Microsoft has released Windows Server 2008 Release Candidate 0. This is great news since there are a lot of exciting features in Windows Server 2008 for you to play with. They have also included the long awaited Hypervisor platform for your virtualization needs.

Get this free download here.

Thursday, September 13, 2007

SQL Server 2005: Migration aftermath

I guess we can safely say that the migration was a success. It was quite a flat migration since we needed to guarantee a "backout" to SQL Server 2000, the only changes that were done is the replacement of SCSIPort with StorPort drivers (this was the only server left to migrate) and we decided to change the physical implementation of the database.

A couple of preliminary results since replication is still running and it obviously has impact on performance:

Long running transactions:
Before: 70.000/day > 100 msec - 1.000/day > 1000 msec
After: 14.000/day > 100 msec - 650/day > 1000 msec

Long running CUD transactions:
Before: 40.000/day > 100 msec - 250/day > 1000 msec
After: 4.000/day > 100 msec - 100/day > 1000 msec

Avg Disk Secs/Read:
Before: 12 msec
After: 9 msec

Avg Disk Secs/Write:
Before: 15 msec
After: 9 msec

Job duration dropped with over 50%.

Now it is time to start implementing new features like partitioning, service broker, vardecimal and hopefully many more. We have a lot of ideas floating around in our heads but unfortunately there are a couple of other priorities to take care of first Since we were no longer happy with our existing reindexing job we did decide to rewrite it from scratch and this gave us the opportunity to implement online reindexing.

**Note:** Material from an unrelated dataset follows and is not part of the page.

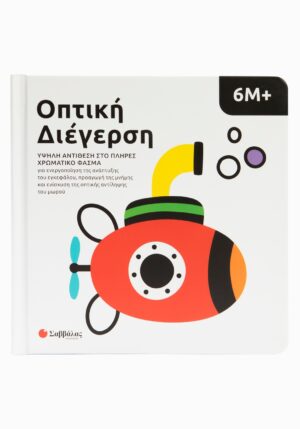Οπτική διέγερση 6Μ+: Υψηλή αντίθεση στο πλήρες χρωματικό φάσμα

I would like to thank all of my colleagues and the people from Microsoft who made this migration possible. I also apologize to all the colleagues I had to send away from my desk during the migration preparation ;-)

Friday, September 07, 2007

SQL Server 2005: Migration imminent and something about TF4618

So we are back at the point of no return. This Sunday we will be migrating our largest SQL Server 2000 to SQL Server 2005. During the first week we will use transactional replication to ensure a 'backout' in case of failure. Last year when we attempted to migrate this server we unfortunately hit the TokenAndPermUserStore issue and had to rollback the migration.

As explained in this post we created some tests script which were able to degrade the performance significantly. There were a couple of hotfixes for issues concerning the TokenAndPermUserStore cache with the latest being build 3179. We eventually did our tests on build 3186 which is the version we will be going to production with, unfortunately we were still able to degrade the performance with our scripts.

We looked at a couple of alternatives to prevent this decrease from happening and as far as we know there are 3 ways to prevent the TokenAndPermUserStore cache from growing too large and these are:
  • add the user(s) that access the database to the sysadmin role
  • create a scheduled job that issues DBCC FREESYSTEMCACHE ('TokenAndPermUserStore')
  • use TF4618

After we ran our tests with trace flag 4618 we found that the TokenAndPermUserStore cache remained very small (less than 1MB) and our response times were very stable. The catch with this trace flag is that it has to be enabled by adding -T4618 to the SQL Server startup parameters (using DBCC TRACEON does not help in this case). What this trace flag does is evict old entries when new entries get inserted to keep the cache small. Because this extra work might cause an increase in CPU usage be sure to carefully monitor this. We did not see any significant increase in our stress tests.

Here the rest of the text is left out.